• [Source data]

* * * * *

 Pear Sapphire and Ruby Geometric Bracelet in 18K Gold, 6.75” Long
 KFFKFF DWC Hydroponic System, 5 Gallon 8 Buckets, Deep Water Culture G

* * * * *

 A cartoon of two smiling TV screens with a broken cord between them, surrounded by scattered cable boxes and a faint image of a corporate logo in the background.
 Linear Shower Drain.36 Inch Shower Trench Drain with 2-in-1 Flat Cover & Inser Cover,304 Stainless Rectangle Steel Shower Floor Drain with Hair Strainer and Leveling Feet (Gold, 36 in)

* * * * *

• [What the task asks] Look above for the line containing "Pear Sapphire and". Output from there through the line containing "KFFKFF DWC Hydroponic", exactly and inclusively.

• [Response box]
 Pear Sapphire and Ruby Geometric Bracelet in 18K Gold, 6.75” Long
 KFFKFF DWC Hydroponic System, 5 Gallon 8 Buckets, Deep Water Culture G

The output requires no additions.